» WORK ITEM: Without adding anything, give again the lines from the one holding "Pukka | Bio" through the final line of the records, exactly, with both ends included and pictures dropped.
[Start of Attachment]
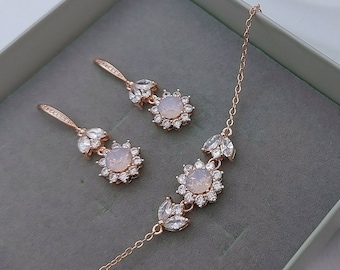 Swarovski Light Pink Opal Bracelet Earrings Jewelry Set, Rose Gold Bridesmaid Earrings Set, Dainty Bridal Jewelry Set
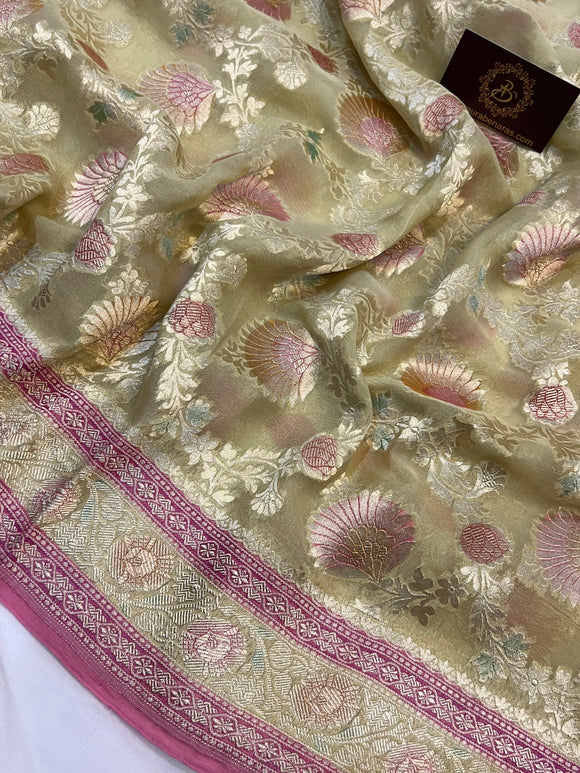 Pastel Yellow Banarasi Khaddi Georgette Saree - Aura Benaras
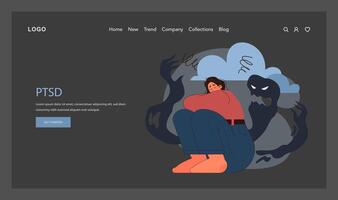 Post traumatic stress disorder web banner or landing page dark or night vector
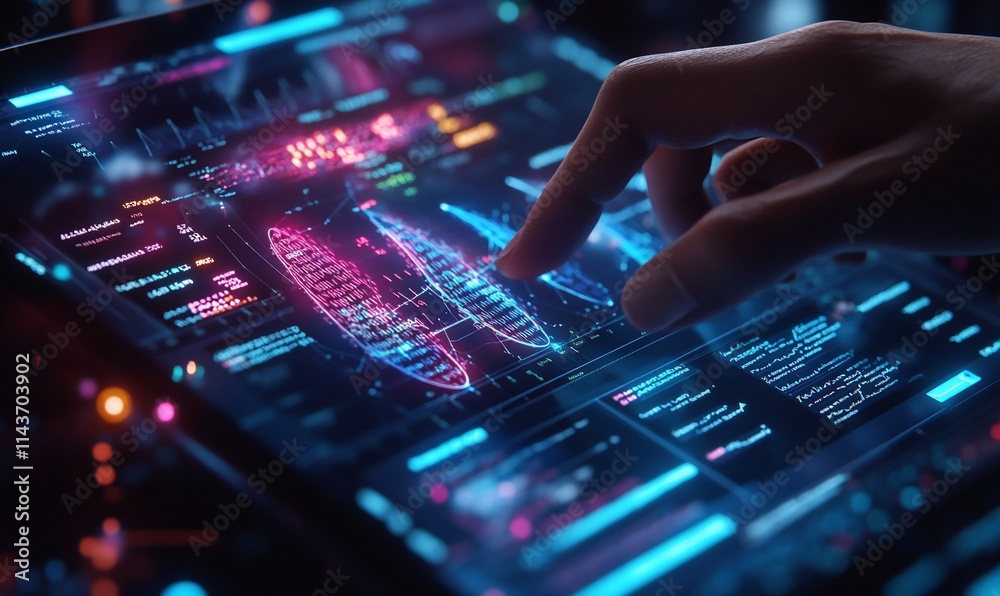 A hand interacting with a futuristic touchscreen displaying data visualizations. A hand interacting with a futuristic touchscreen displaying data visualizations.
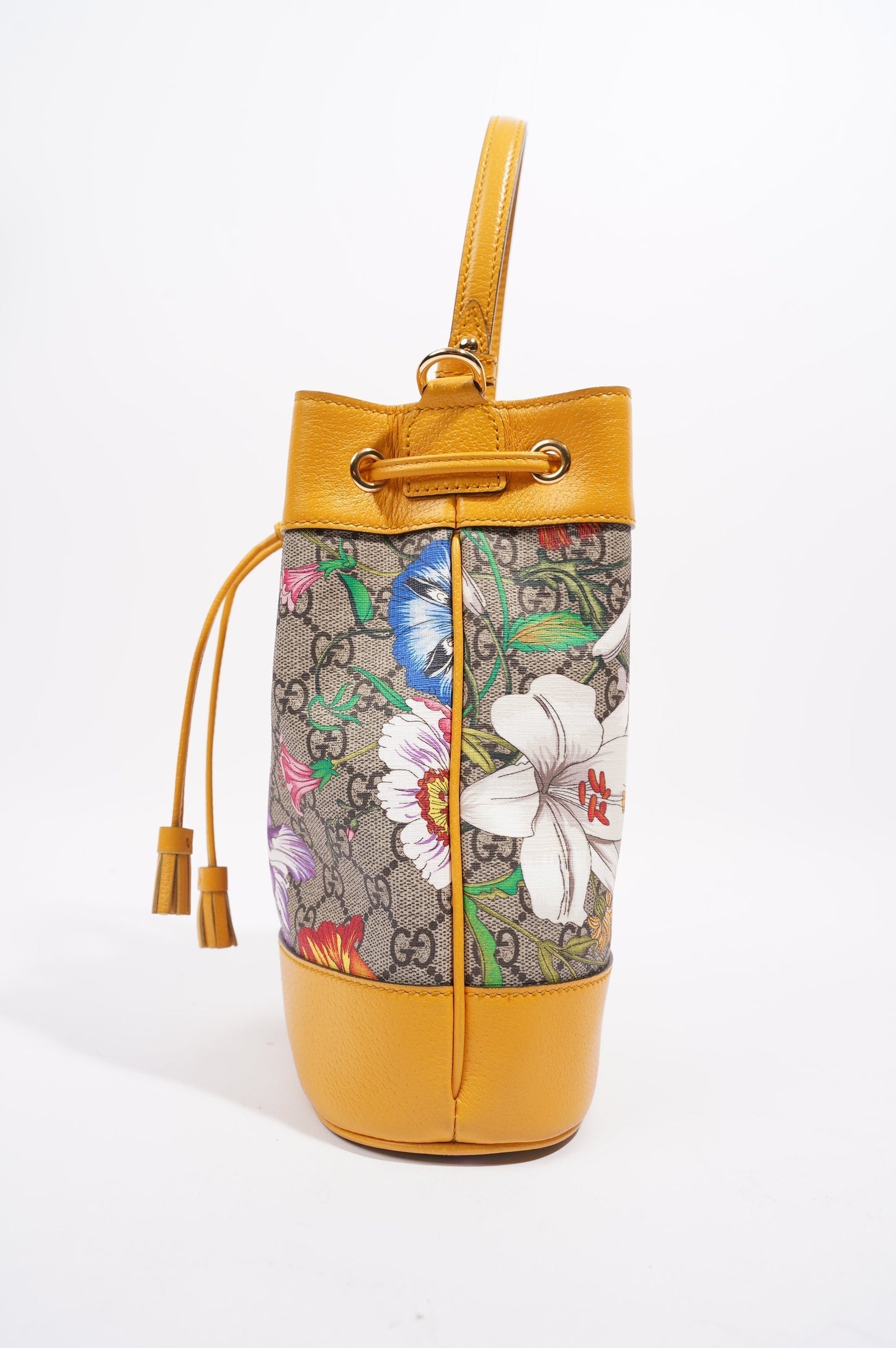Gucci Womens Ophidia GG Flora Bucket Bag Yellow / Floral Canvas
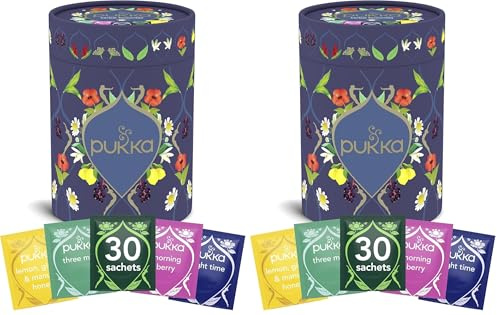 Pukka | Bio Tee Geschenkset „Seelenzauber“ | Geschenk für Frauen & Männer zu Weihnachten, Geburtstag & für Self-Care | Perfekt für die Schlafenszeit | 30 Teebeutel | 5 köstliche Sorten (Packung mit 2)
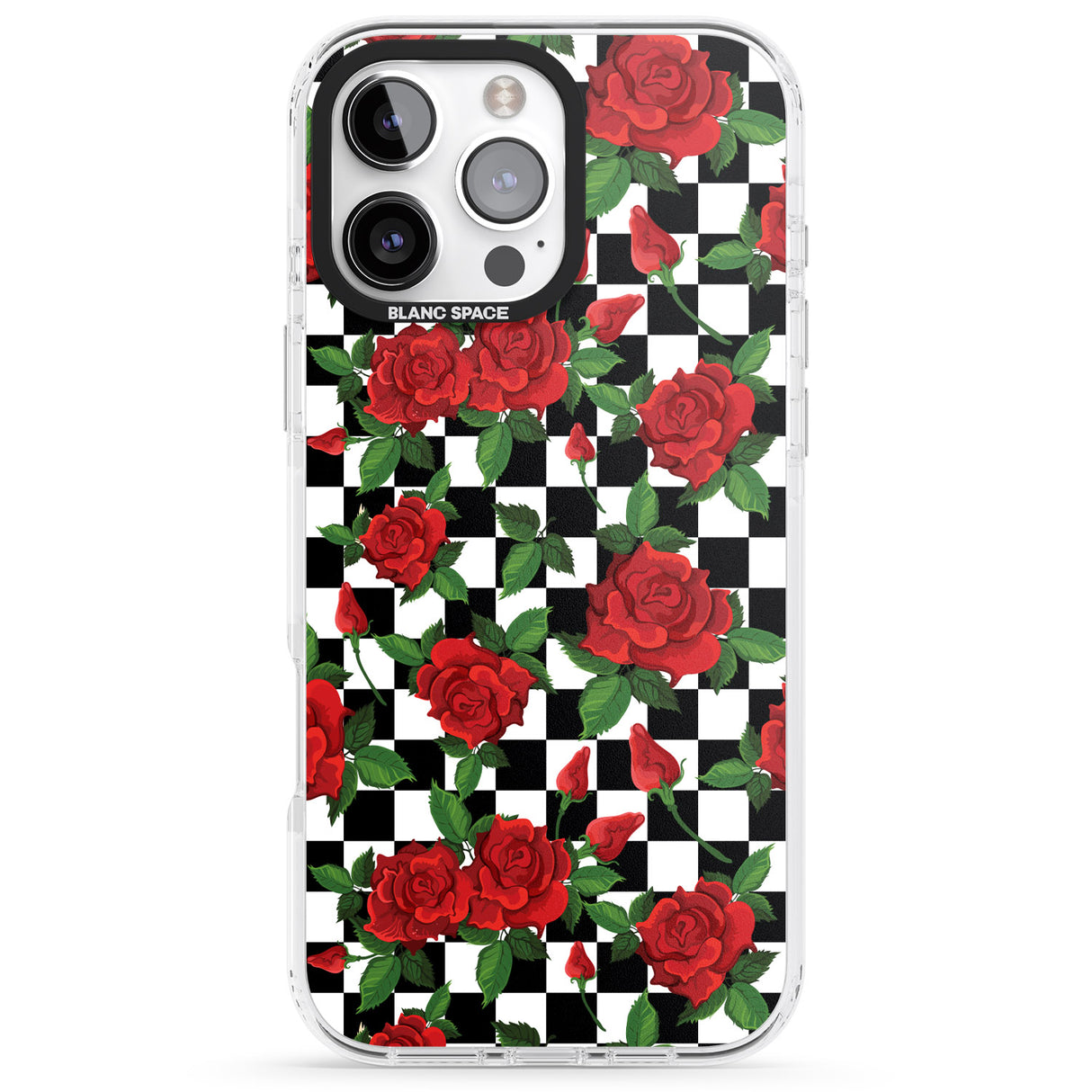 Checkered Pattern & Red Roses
[End of Attachment]
» FINISHED TASK:
 Pukka | Bio Tee Geschenkset „Seelenzauber“ | Geschenk für Frauen & Männer zu Weihnachten, Geburtstag & für Self-Care | Perfekt für die Schlafenszeit | 30 Teebeutel | 5 köstliche Sorten (Packung mit 2)
 Checkered Pattern & Red Roses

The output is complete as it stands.